Just as car manufacturers specify certain tire characteristics to complement their vehicles, cyclists must tailor inflation pressure to maximize performance and comfort based on specific race conditions, including road surface and temperature change throughout the day.

“The riders are the different car models,” clarifies Vorm Walde. “You have to adapt the model to meet the likings of the individual rider. You have to change the tire pressure to make it work for you. There is such a big span in rider weight and riding style it’s impossible to give a rule of thumb for tire pressure. It really comes down to trying it out and playing with it.”

Although Wolf says there is no rule of thumb for selecting the ideal tire pressure for an individual rider, he provides two guidelines for minimizing rolling resistance while avoiding the risk of tire explosion on a hot day.

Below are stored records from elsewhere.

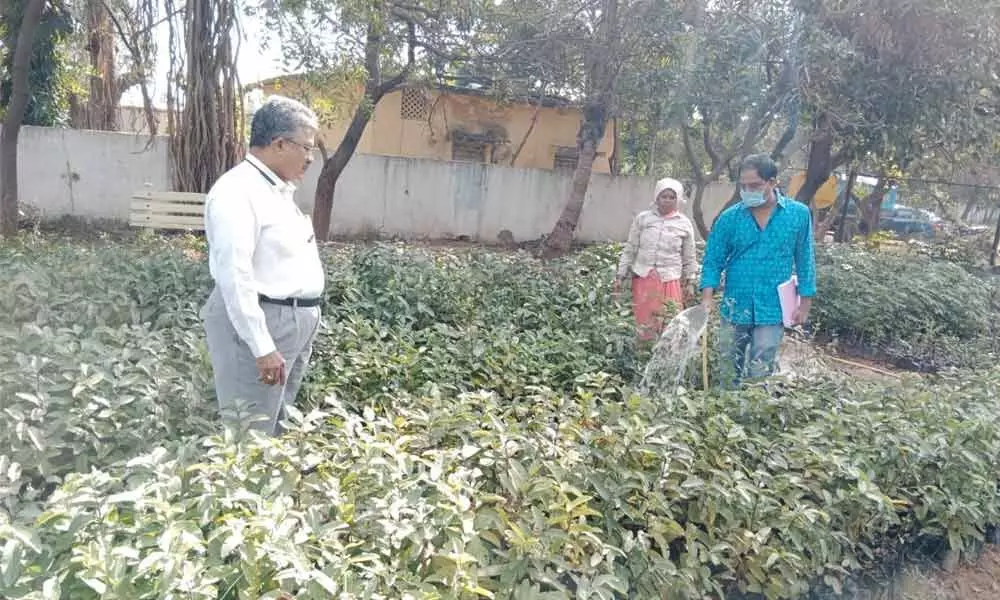 Upbeat Jalpally municipality gears up again to propagate nurseries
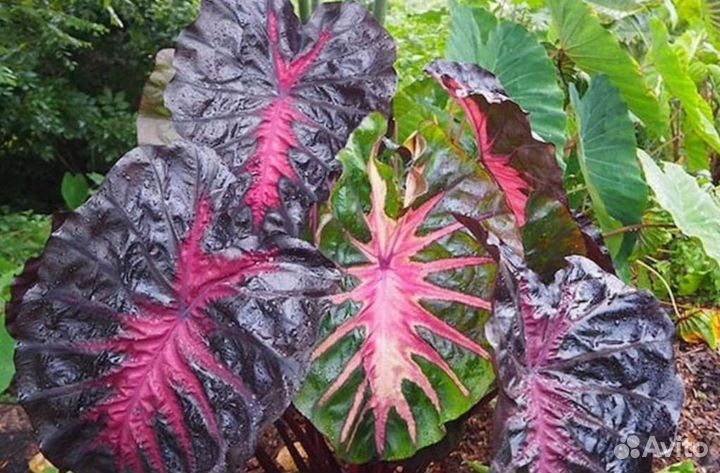 Колоказия Redemption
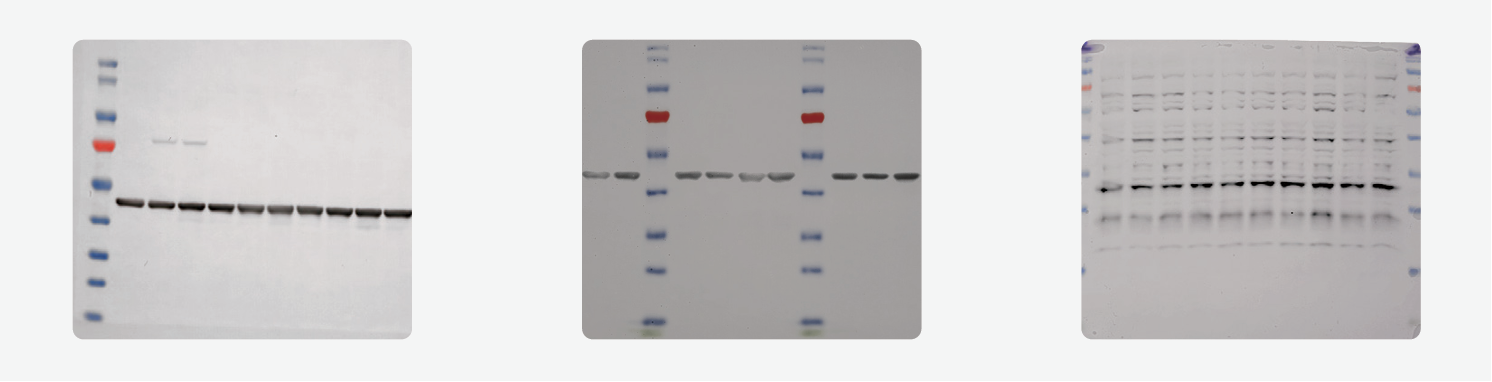 ChemiScope S7一体式超高灵敏化学发光成像仪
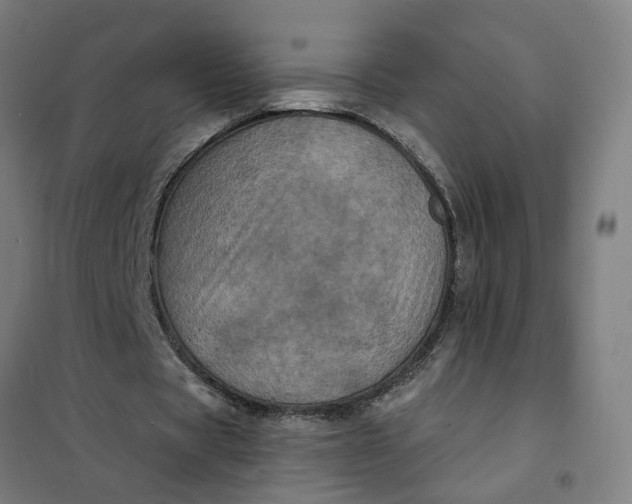 X0000101700529200807241435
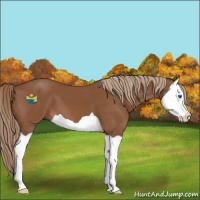 Horse Color:Chestnut Splash 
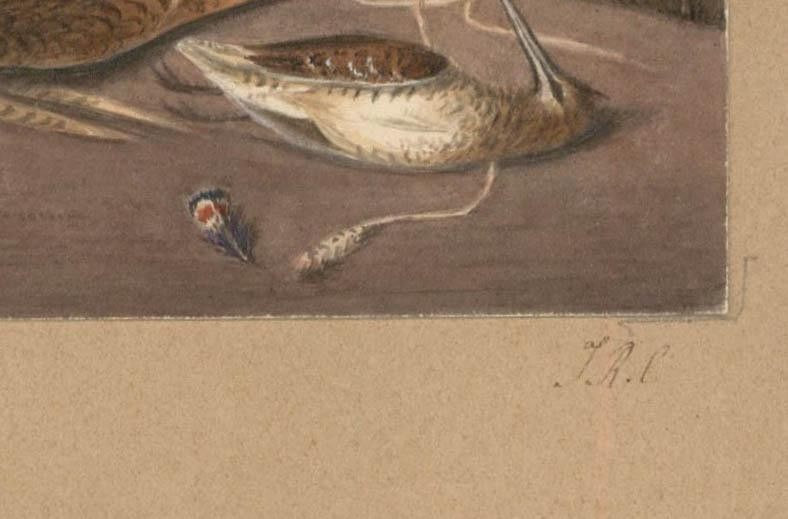 Thomas Remnant Charleton (1756 1849) Watercolour, Game Bird's In The Larder photo Art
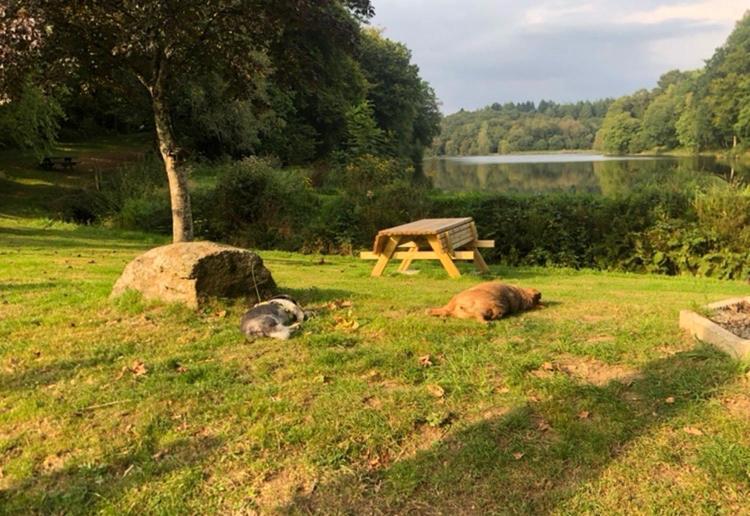 La Forge B&B Perret  Εξωτερικό φωτογραφία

Reduce rolling resistance: Inflating beyond 8.5 bars (123 psi) you don’t really get a significant reduction in rolling resistance. If you test a 23c or a 25c tire at 6.5 (94 psi), 7.5 (108 psi) and 8.5 bars (123 psi), you will see that rolling resistance decreases the higher the pressure gets. You also see that the savings gets [smaller and smaller] as pressure goes up. Beyond approximately 130 psi, the rolling resistance doesn’t change at all any more.

Prevent blow-outs: “You get your bike ready early in the morning, pump to 9 bars (130 psi), it sits there and warms up and maybe in the afternoon [the pressure is] 40 psi more in the afternoon.” This large increase in pressure can cause the tire to blow, especially if you ride clinchers. “It’s pretty hard to come up with a pressure in the morning, but I would recommend to pump the tires to 7.5 or 8 bars (108 or 115 psi) when it’s chilly in the morning, or if you expect a warm up of more than 10 degrees Celsius [50 degrees Fahrenheit] to account for this rise in air pressure in the tire,” recommends Vorm Walde.

Production Quality

It may seem like a given that the tires produced by overseas factories are exact replicas of the originals sent by the product designers, but differences in materials and processes directly alter the tires that actually spin on your wheels. Wheel Energy also helps Specialized vet different tire production factories and ensure that the tires sold to riders actually match the prototype.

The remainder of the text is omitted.